What is the requirement for enlistment in SARS?
The Special Anti-Robbery Squad is a specialised unit of the Force that deals with armed robbery, kidnapping, cattle rustling, car snatching and the like; any crime involving use of firearms. Like in Numan, Adamawa State where militia are attacking people, the SARS had been deployed along with other units of the Force. To be in SARS, first, you must be a policeman, a general duty officer, and you must have been in the job for not less than five years. You must also have prerequisite experience before you can be posted to the squad. The officer would also undergo operational training as well as training on handling of suspects. We are quite concerned with the complaints against SARS and that is why the Inspector-General of Police has directed its re-organisation. We know that most of the complaints and allegations against SARS are not always true, but the IG has ordered an investigation to ascertain them. He has also directed that human rights desk be set up in all the state commands to handle rights abuse by SARS operatives. So, the people who started the #EndSARS campaign can channel their grievances to the desk officers for investigation. SARS has been in existence for over 40 years and it is essential to the force, so we cannot dismantle it.
Why did it take the police this long to re-organise the squad despite several allegations against the personnel?
I won’t argue that it took some time for the re-organisation. Since the IG assumed office, he has been instituting internal reforms in the operation of the force. He also fashioned out some creed which is like our Bible or Quran guiding our work. This creed has been drummed into the operatives and everywhere he goes, he impresses it on the personnel to respect human rights, shun corruption and indiscipline and to be civil. To say it took us long to re-organise the squad would not be correct because when he assumed office, he directed the training of SARS operatives by some civil organisations and the Red Cross. What we are saying is that, some of the complaints in the social media are genuine, and some happened five, six years ago and some are bringing them up now. We know that any organisation that is subject to public opinion has to grapple with the responsibility of educating the public constantly. We can’t say because there are one or two infractions, we should end SARS because if you end SARS, robbers would take over. We appreciate the patriotism of those demanding an end to SARS, but other groups are equally saying, reform SARS. So if they have any complaint against the unit, let them tell us and it would be addressed.
Since you admitted that some complaints against SARS were genuine, why did you say those behind #EndSARS campaign are armed robbers?

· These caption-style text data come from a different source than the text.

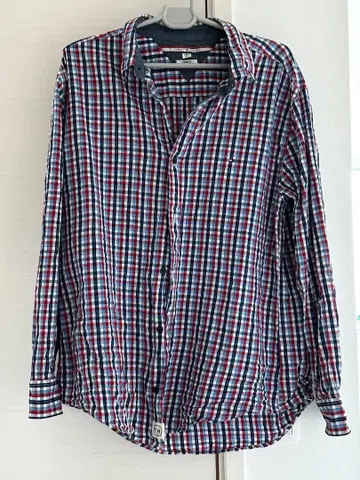 TOMMY HILFIGER 체크 무늬 긴팔 셔츠 XL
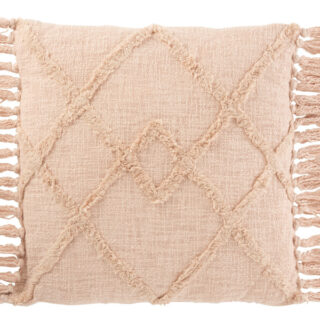 COJÍN FLECOS ROSA PALO 50×50 cm.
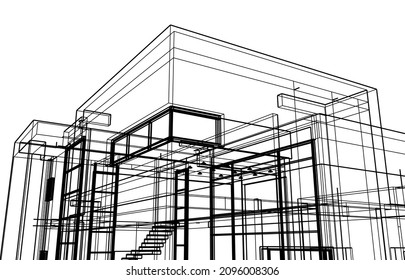 sketch of a modern house building vector 3d illustration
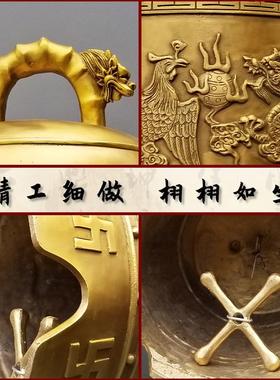 纯黄铜龙凤铜钟风铃佛钟屋檐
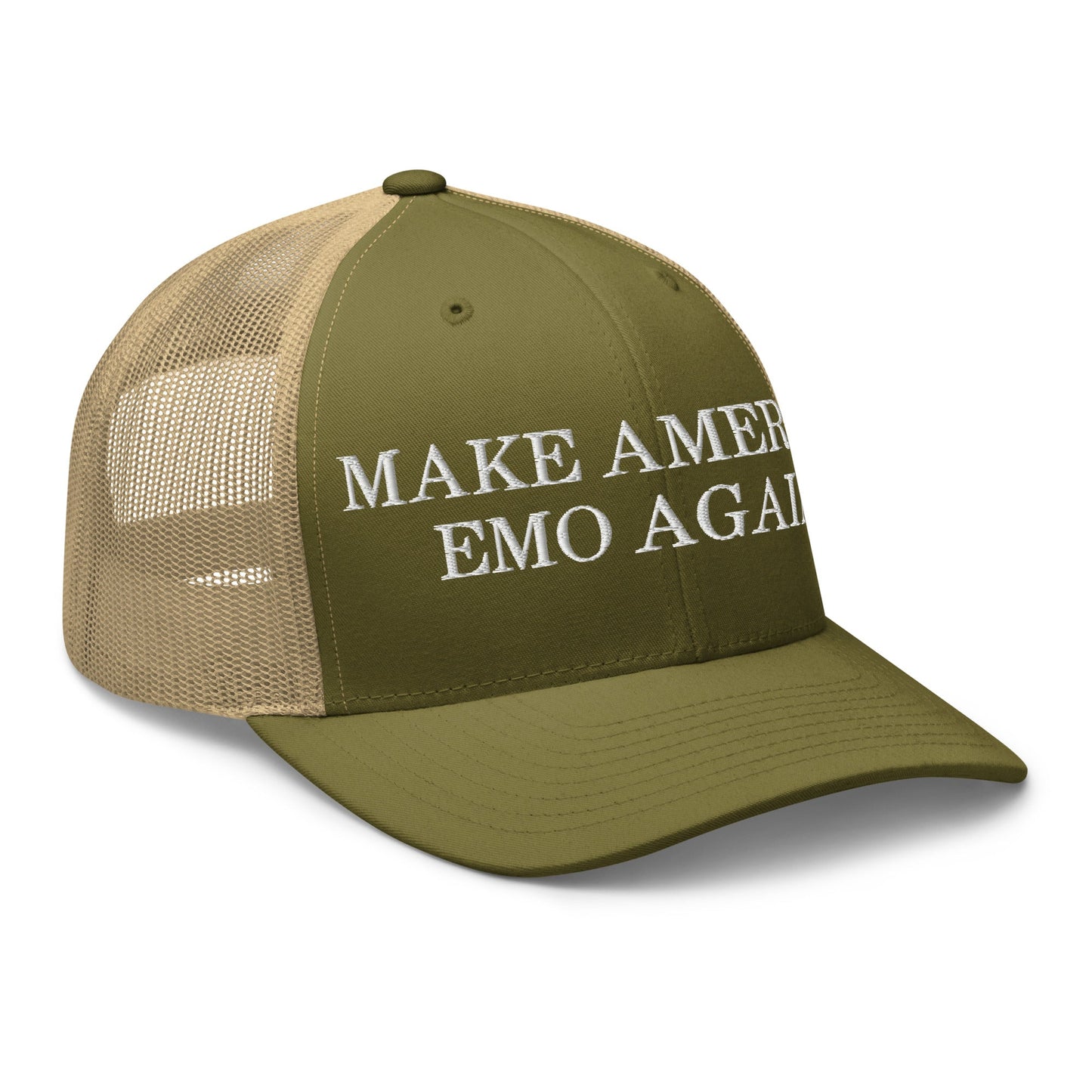 Make America Emo Again Retro Trucker Hat Moss Khaki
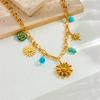 DIEYURO 316L Stainless Steel Golden Lotus Flower Butterfly Necklace Women Trend Non-Fading Clavicle Chain Jewelry Holiday Gift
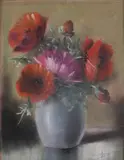H.J. van Wijngaarden, Stilleven met papavers, Pastel op papier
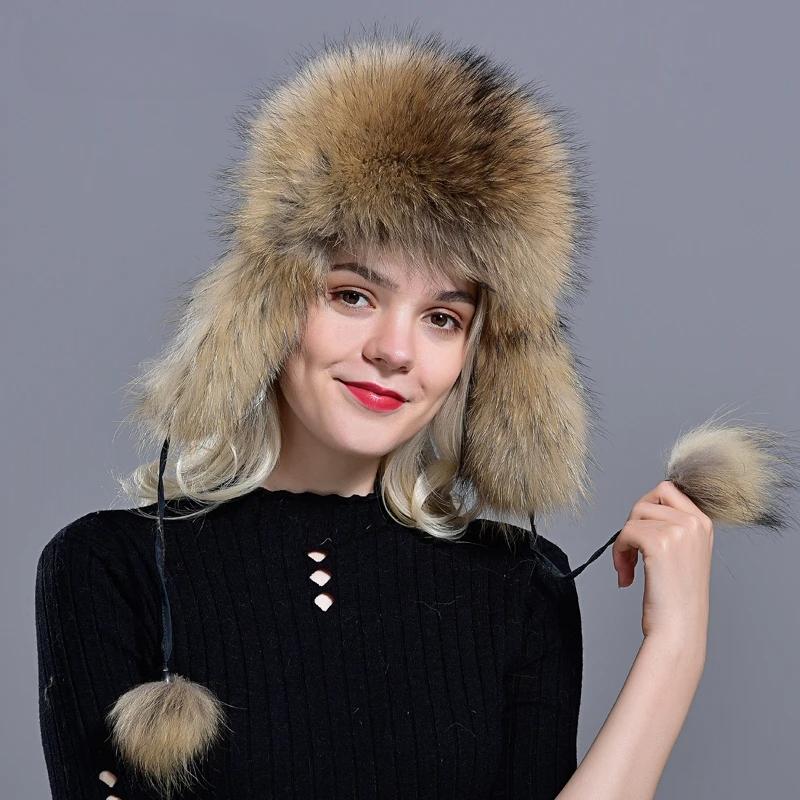 Woman Natural Raccoon Fox Fur Bomber Hats Fluffy Winter Warm Windproof Russian Earflaps Trapper Hat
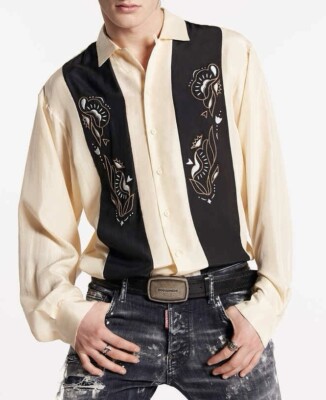 Dsquared² Western bowling dropped shirt 100% silk size 52 rare out of stock
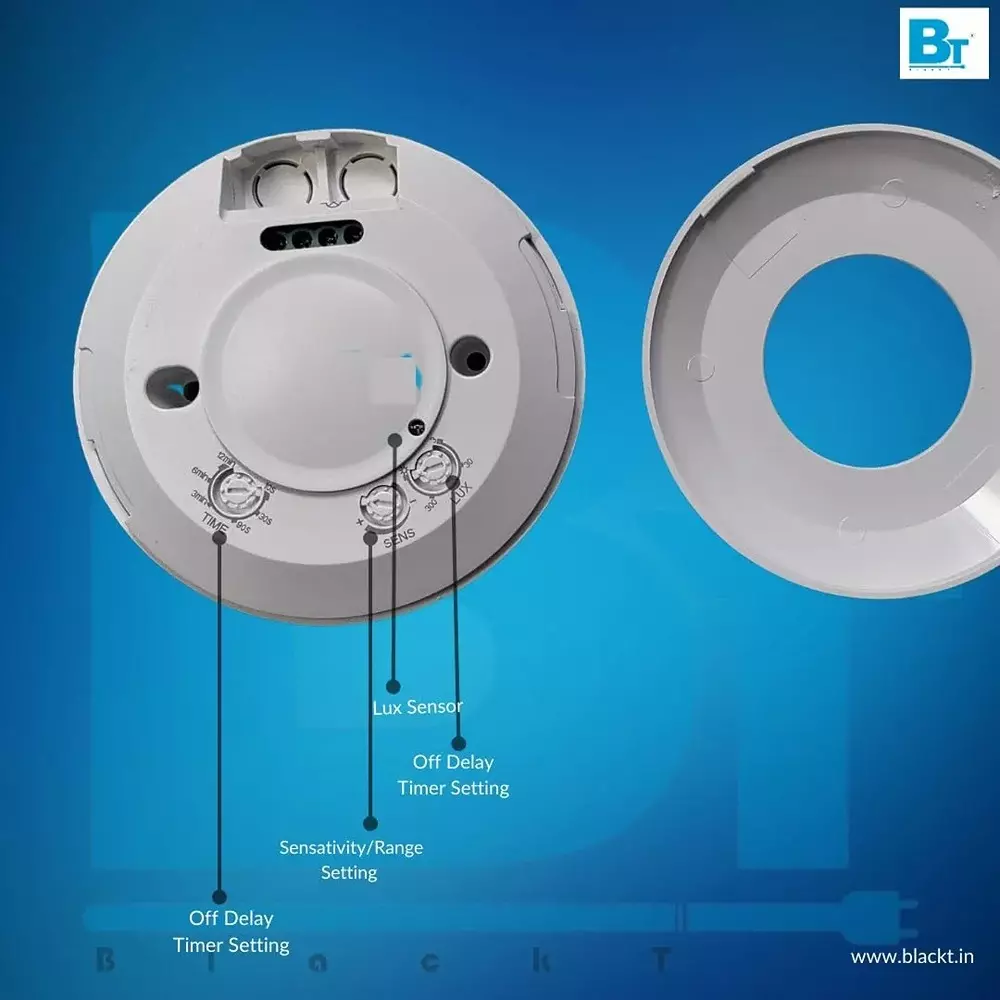 Blackt Occupancy Motion Detector Ceiling Mounted Round Shape White Color and 1-8 m Adjustable Detection Range, BT31MT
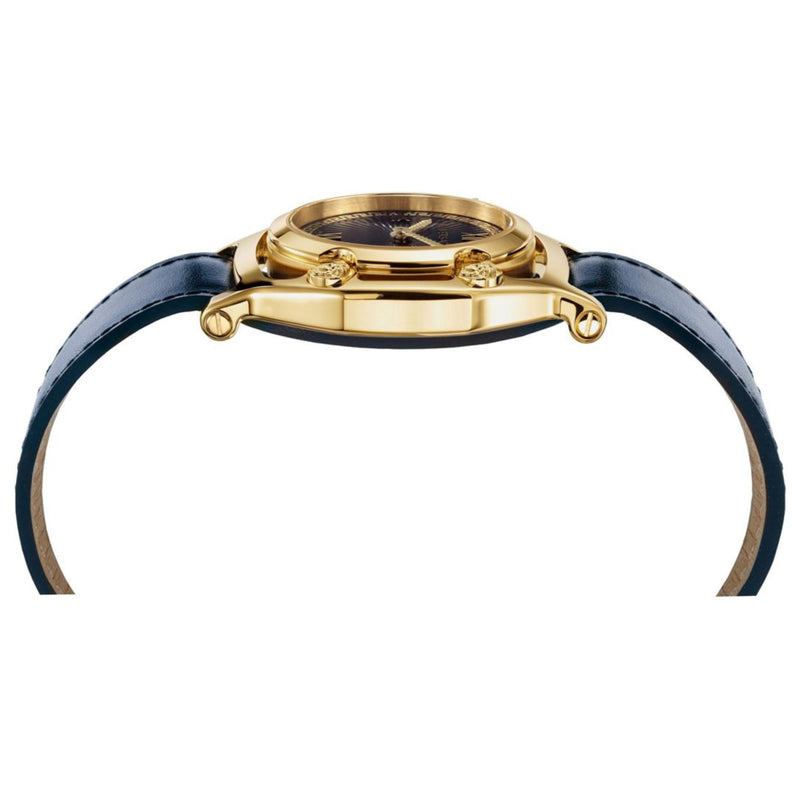 Versace Medusa Frame Watch Ladies Gold Blue Leather VEVF00720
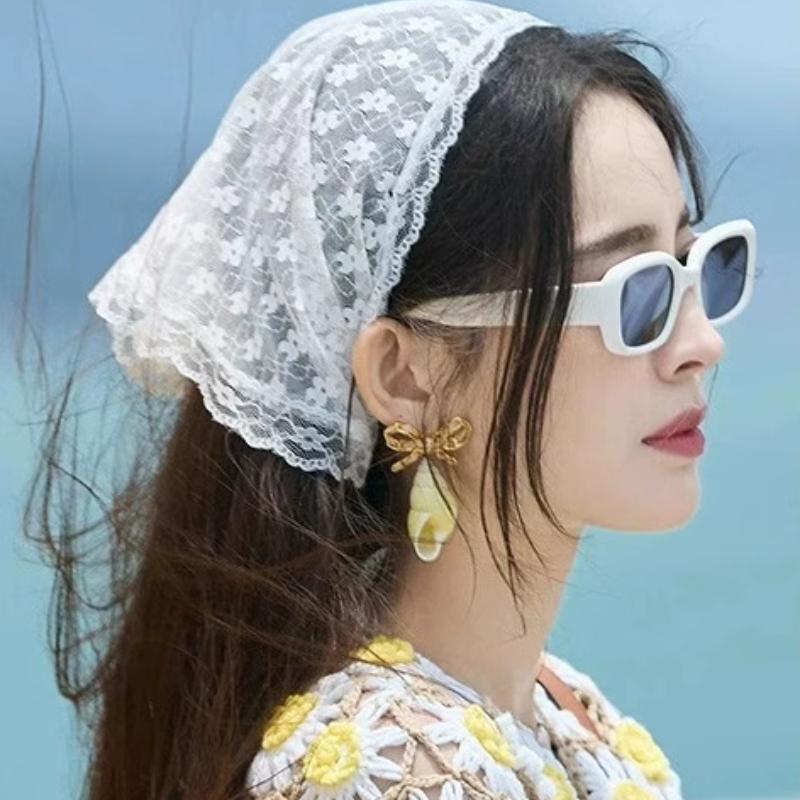 Women French Country Style Lace Mesh Triangle Scarf Spring Summer Floral Hair Scarf Elegant Headwrap Bohemian Hair Accessories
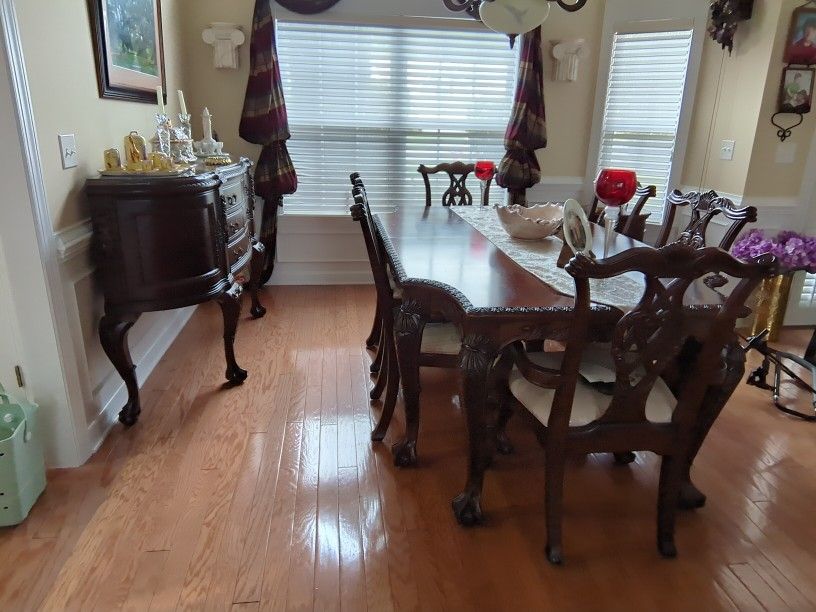 Mahogany Dining Room, 6 Chairs, Two Leaves, Buffet With Marble Top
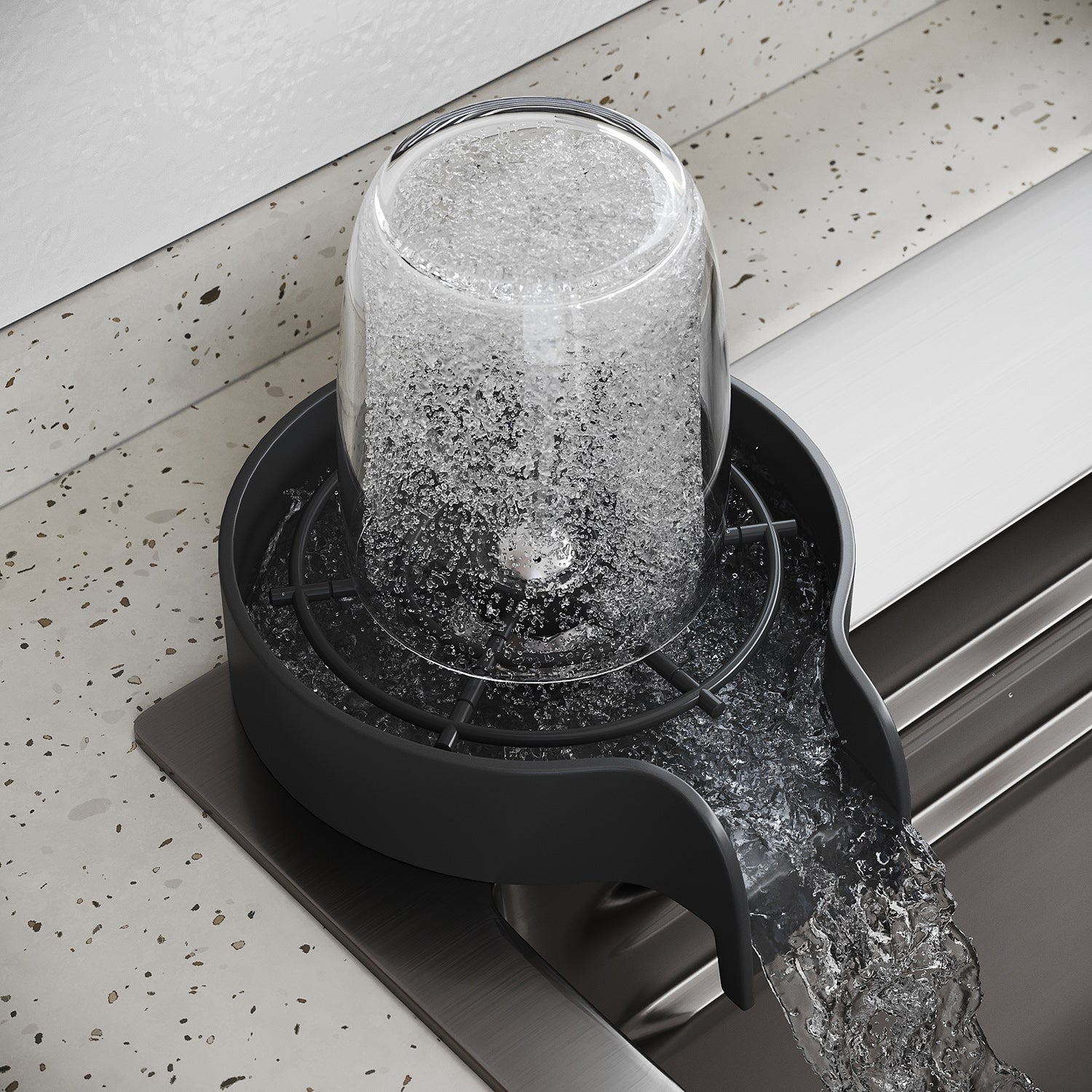 SIRHONA Évier Inox Encastré 1 Bac avec Escamotable + Cascade Robinet 75x45cm - 7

We issued a press release and there was nowhere I mentioned that those calling for end to SARS are armed robbers. I never said that, but people can twist any issue. As a well-bred public relations officer, I would never call anybody armed robber. People should know where the calls are coming from, so anybody that has complaint against SARS should come forward. Like I said, some of them are genuine, but people should follow up on their complaints. We want those behind the campaign against SARS to have a rethink and join us in supporting SARS for the safety of all Nigerians.
What punishment awaits any SARS operative indicted for professional misconduct?
We don’t spare anyone found wanting. If anyone is found wanting, the appropriate measure would be taken. In this regard, if it is the rank and file, such officer would be defaulted, or dismissed from the Force if he was indicted for discreditable conduct. Most of the time, what we witnessed is the complainant pleading on behalf of an indicted officer or not showing up in court to give evidence.